Le procès en appel de Laye Mamoudou Camara et Abdoulaye Diaby s’est ouvert ce lundi 4 mai 2026 devant la Cour d’appel de Conakry. Poursuivis pour des faits présumés de traite d’êtres humains, les deux hommes, détenus depuis le 6 mai 2025, ont comparu à la barre en plaidant non coupables.

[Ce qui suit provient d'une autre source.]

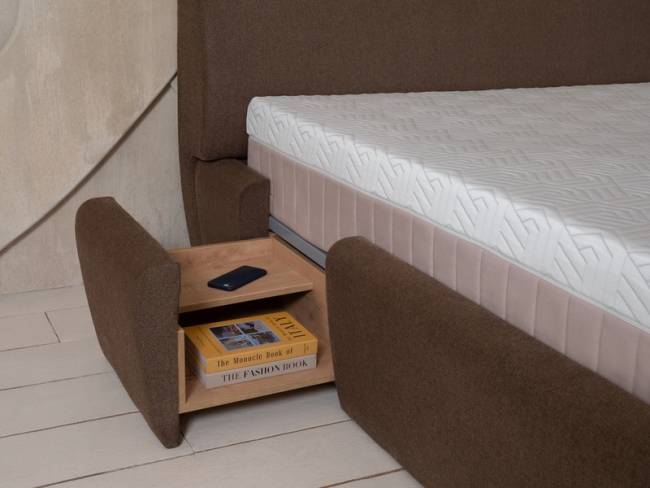 Кровать Concept с выдвижными тумбами Кровать Concept с выдвижными тумбами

À l’origine de cette procédure, plusieurs plaignants, dont Mohamed Camara et Adama Condé, accusent les prévenus d’avoir recruté, hébergé et perçu des fonds auprès de victimes, dans le cadre d’activités liées à la société Qnet. Selon l’accusation, ces opérations auraient été présentées comme des formations permettant d’accéder aux produits et services de l’entreprise.
En première instance, le Tribunal de première instance de Coyah avait condamné les deux prévenus à sept ans de prison ferme, assortis du paiement de dommages aux parties civiles. Une décision que la défense conteste fermement, évoquant des insuffisances probatoires et des irrégularités de procédure.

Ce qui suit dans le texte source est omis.